● **What you need to do**: Give all of the records again precisely, excluding whatever pictures they contain.

● **Data to examine**:
'''

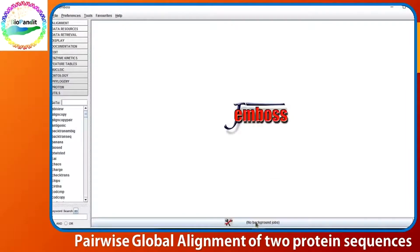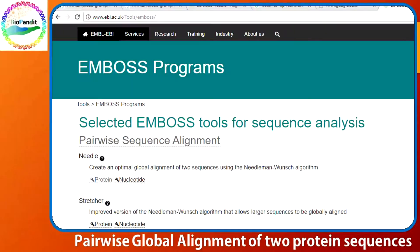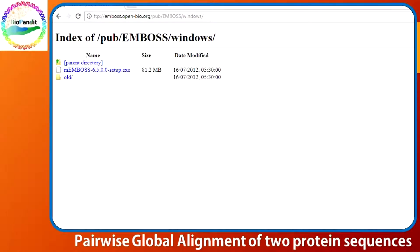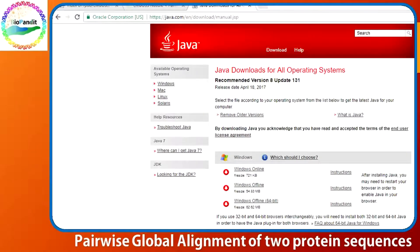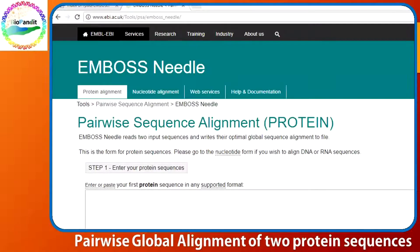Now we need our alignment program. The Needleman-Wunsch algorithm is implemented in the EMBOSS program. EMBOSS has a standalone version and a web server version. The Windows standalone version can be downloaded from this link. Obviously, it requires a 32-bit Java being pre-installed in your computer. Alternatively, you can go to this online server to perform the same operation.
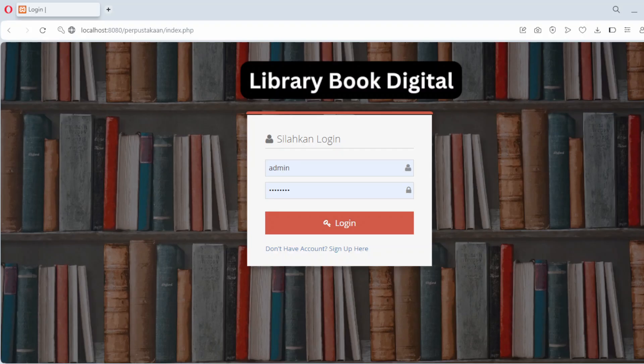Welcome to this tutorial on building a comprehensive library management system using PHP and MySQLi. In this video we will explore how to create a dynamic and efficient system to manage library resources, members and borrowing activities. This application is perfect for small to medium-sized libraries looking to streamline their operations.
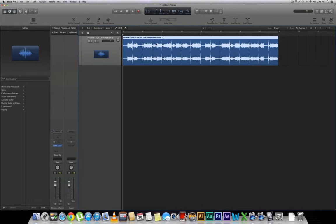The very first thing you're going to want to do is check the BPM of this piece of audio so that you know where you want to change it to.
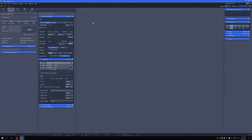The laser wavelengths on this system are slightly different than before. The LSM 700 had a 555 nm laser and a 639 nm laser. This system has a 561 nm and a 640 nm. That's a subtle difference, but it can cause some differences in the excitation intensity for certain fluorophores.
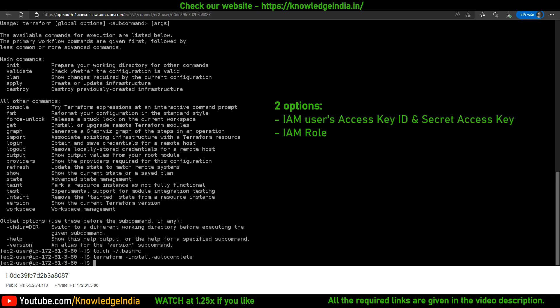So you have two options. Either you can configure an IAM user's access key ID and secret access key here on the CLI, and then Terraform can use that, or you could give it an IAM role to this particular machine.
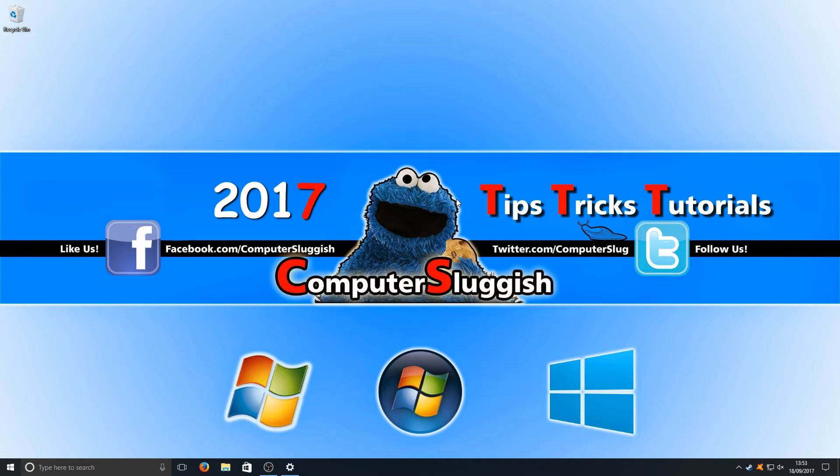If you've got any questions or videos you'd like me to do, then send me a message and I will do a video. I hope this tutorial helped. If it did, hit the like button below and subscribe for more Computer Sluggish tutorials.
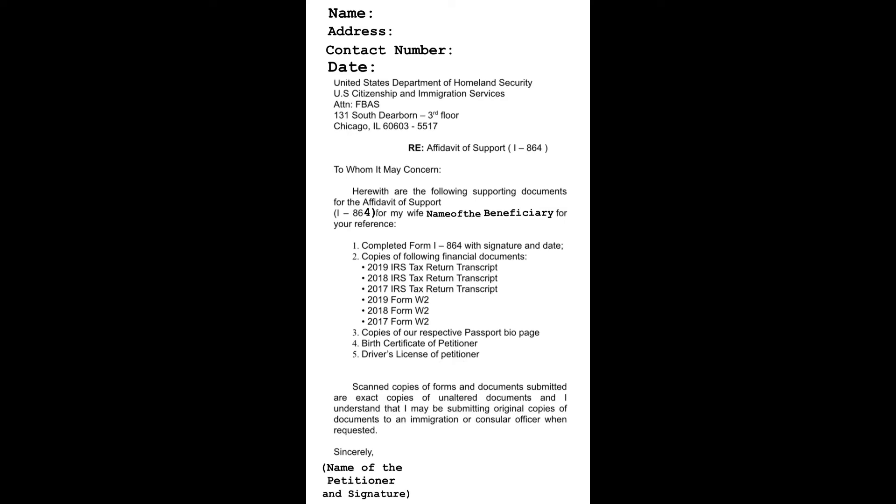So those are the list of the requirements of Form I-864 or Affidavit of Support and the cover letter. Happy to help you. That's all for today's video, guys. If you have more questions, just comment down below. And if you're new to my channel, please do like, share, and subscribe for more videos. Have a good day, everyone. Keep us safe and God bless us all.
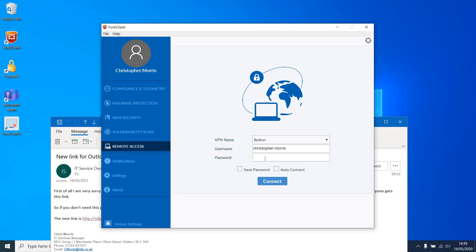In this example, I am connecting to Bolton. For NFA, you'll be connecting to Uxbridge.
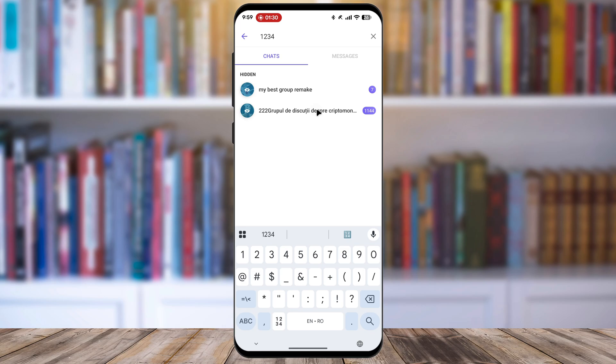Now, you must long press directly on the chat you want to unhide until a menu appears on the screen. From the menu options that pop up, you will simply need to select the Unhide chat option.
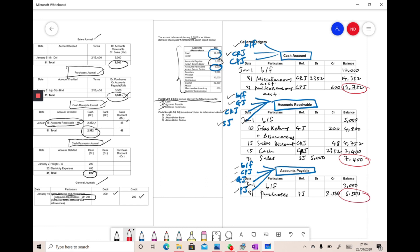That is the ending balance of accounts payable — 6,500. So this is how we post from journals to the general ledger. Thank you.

'''

● **Exercise result**:
Now we need our alignment program. The Needleman-Wunsch algorithm is implemented in the EMBOSS program. EMBOSS has a standalone version and a web server version. The Windows standalone version can be downloaded from this link. Obviously, it requires a 32-bit Java being pre-installed in your computer. Alternatively, you can go to this online server to perform the same operation.
Welcome to this tutorial on building a comprehensive library management system using PHP and MySQLi. In this video we will explore how to create a dynamic and efficient system to manage library resources, members and borrowing activities. This application is perfect for small to medium-sized libraries looking to streamline their operations.
The very first thing you're going to want to do is check the BPM of this piece of audio so that you know where you want to change it to.
The laser wavelengths on this system are slightly different than before. The LSM 700 had a 555 nm laser and a 639 nm laser. This system has a 561 nm and a 640 nm. That's a subtle difference, but it can cause some differences in the excitation intensity for certain fluorophores.
So you have two options. Either you can configure an IAM user's access key ID and secret access key here on the CLI, and then Terraform can use that, or you could give it an IAM role to this particular machine.
If you've got any questions or videos you'd like me to do, then send me a message and I will do a video. I hope this tutorial helped. If it did, hit the like button below and subscribe for more Computer Sluggish tutorials.
So those are the list of the requirements of Form I-864 or Affidavit of Support and the cover letter. Happy to help you. That's all for today's video, guys. If you have more questions, just comment down below. And if you're new to my channel, please do like, share, and subscribe for more videos. Have a good day, everyone. Keep us safe and God bless us all.
In this example, I am connecting to Bolton. For NFA, you'll be connecting to Uxbridge.
Now, you must long press directly on the chat you want to unhide until a menu appears on the screen. From the menu options that pop up, you will simply need to select the Unhide chat option.
That is the ending balance of accounts payable — 6,500. So this is how we post from journals to the general ledger. Thank you.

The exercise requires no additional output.